• [YOUR OBJECTIVE]:
From the entries below, copy exactly the lines from the one that contains "Hudson Jeans London Low-Rise Long Shorts" through the one that contains "Contrasto al fenomeno dei furti di rame", both included, and only those.

• [THE INPUT]:
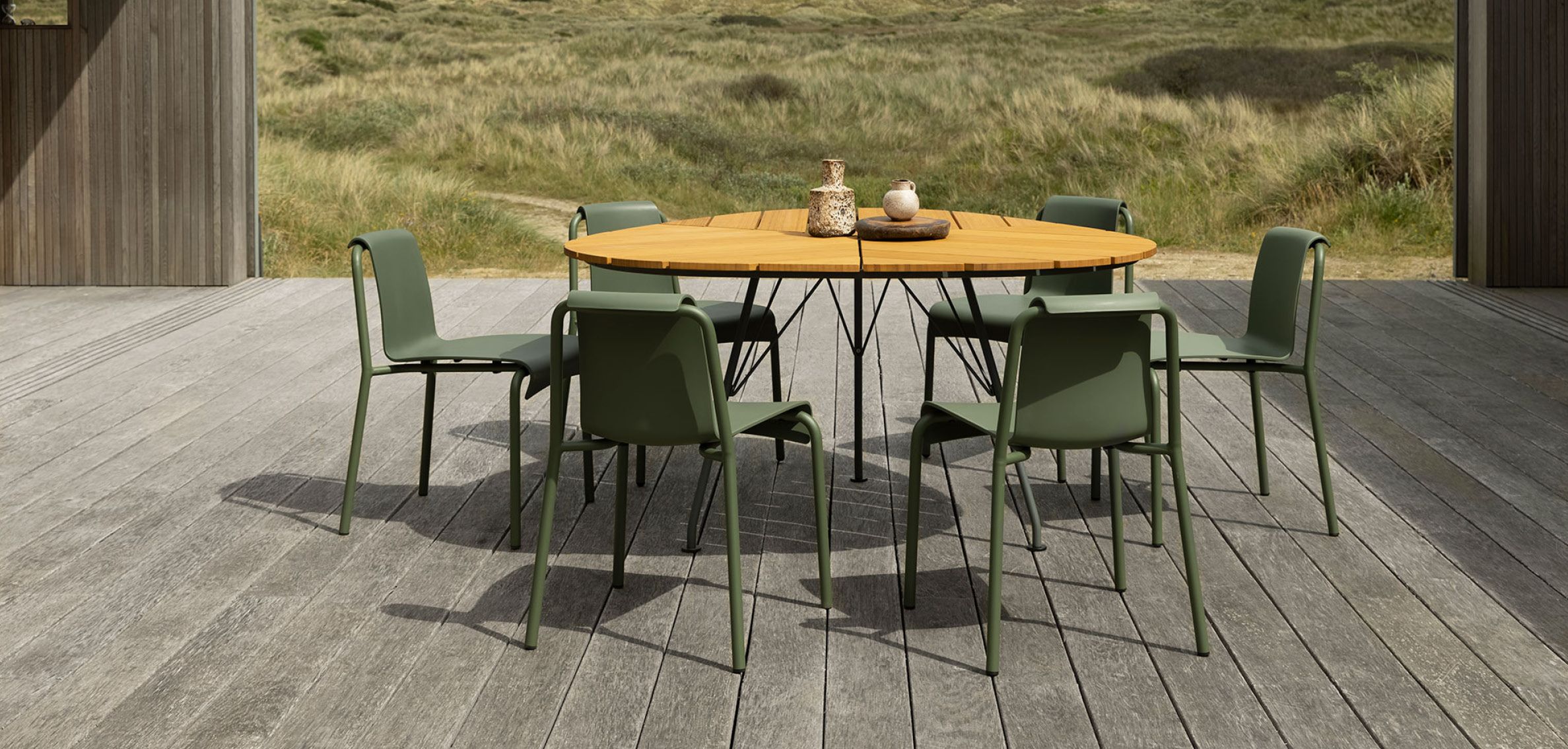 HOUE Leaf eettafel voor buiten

==

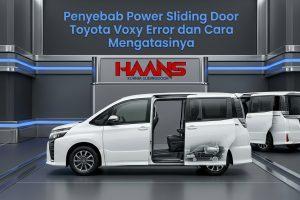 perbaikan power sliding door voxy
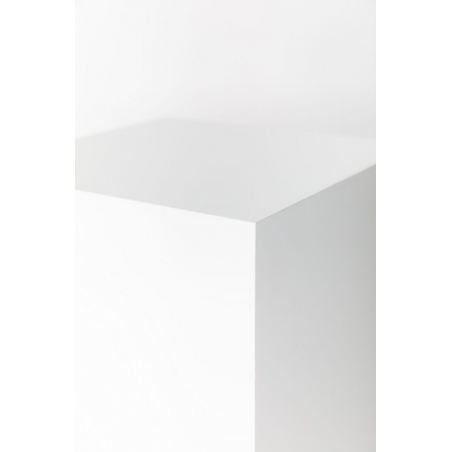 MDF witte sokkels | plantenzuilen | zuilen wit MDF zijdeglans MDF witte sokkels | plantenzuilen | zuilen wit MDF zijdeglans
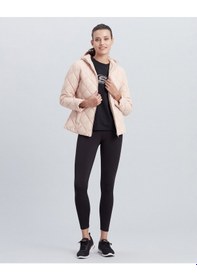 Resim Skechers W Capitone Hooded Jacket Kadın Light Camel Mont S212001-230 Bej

...

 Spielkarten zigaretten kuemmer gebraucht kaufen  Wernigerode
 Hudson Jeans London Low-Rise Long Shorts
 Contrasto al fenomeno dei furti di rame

• [ANSWER BOX]:
 Hudson Jeans London Low-Rise Long Shorts
 Contrasto al fenomeno dei furti di rame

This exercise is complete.